Now, I'm not suggesting this started out with some sort of conspiracy. Police may have been at the end of a long shift (and it is a disgrace that many US police are not paid for their overtime) or just had a rough experience with somebody far more sinister. On the other hand, there may have been a mistake, gaps in police training or an inappropriate use of a procedure that is not always justified, like a strip search, that causes profound suffering for many victims.

A select number of US police forces have been shamed around the world for a series of incidents of extreme violence in recent times, including the death of Michael Brown in Ferguson, shooting Walter Scott in the back, death of Freddie Gray in Baltimore and the attempts of Chicago's police to run an on-shore version of Guantanamo Bay. Beyond those highly violent incidents, the world has also seen the abuse of Ahmed Mohamed, the Muslim schoolboy arrested for his interest in electronics and in 2013, the suicide of Aaron Swartz which appears to be a direct consequence of the "Justice" department's obsession with him.

What have the police learned from all this bad publicity? Are they changing their methods, or just hiring more spin doctors? If that is their response, then doesn't it leave them with a cruel advantage over those people who were deceased?

Isn't it standard practice for some police to simply round up anybody who is a bit lost and write up a charge sheet for resisting arrest or assaulting an officer as insurance against questions about their own excessive use of force?

When British police executed Jean Charles de Menezes on a crowded tube train and realized they had just done something incredibly outrageous, their PR office went to great lengths to try and protect their image, even photoshopping images of Menezes to make him look more like some other suspect in a wanted poster. To this day, they continue to refer to Menezes as a victim of the terrorists, could they be any more arrogant? While nobody believes the police woke up that morning thinking "let's kill some random guy on the tube", it is clear they made a mistake and like many people (not just police), they immediately prioritized protecting their reputation over protecting the truth.

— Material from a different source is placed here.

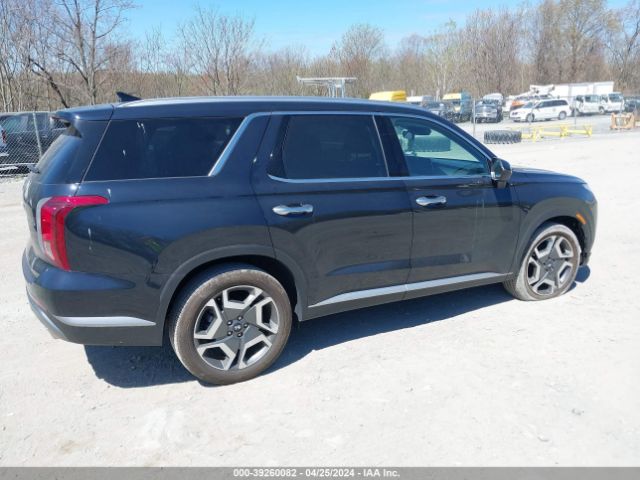 Photo 3 VIN: KM8R4DGE2PU511101 - HYUNDAI PALISADE 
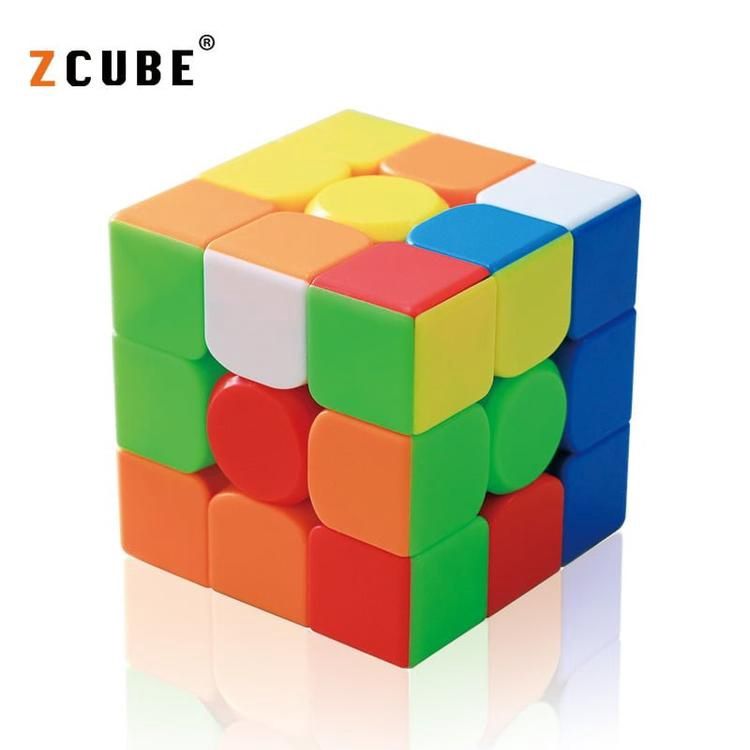 RUBIK - ZCUBE 3X3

Nobody else knows exactly what Ian was doing and exactly what the police did to him. We may never know. However, any disparaging or irrelevant comments from the police should be viewed with some caution.

The horrors of incarceration

It would be hard for any of us to understand everything that an innocent person goes through when detained by the police. The recently released movie about The Stanford Prison Experiment may be an interesting place to start, a German version produced in 2001, Das Experiment, is also very highly respected.

The United States has the largest prison population in the world and the second-highest per-capita incarceration rate. Many, including some on death row, are actually innocent, in the wrong place at the wrong time, without the funds to hire an attorney. The system, and the police and prison officers who operate it, treat these people as packages on a conveyor belt, without even the most basic human dignity. Whether their encounter lasts for just a few hours or decades, is it any surprise that something dies inside them when they discover this cruel side of American society?

Worldwide, there is an increasing trend to make incarceration as degrading as possible. People may be innocent until proven guilty, but this hasn't stopped police in the UK from locking up and strip-searching over 4,500 children in a five year period, would these children go away feeling any different than if they had an encounter with Jimmy Saville or Rolf Harris? One can only wonder what they do to adults.

What all this boils down to is that people shouldn't really be incarcerated unless it is clear the danger they pose to society is greater than the danger they may face in a prison.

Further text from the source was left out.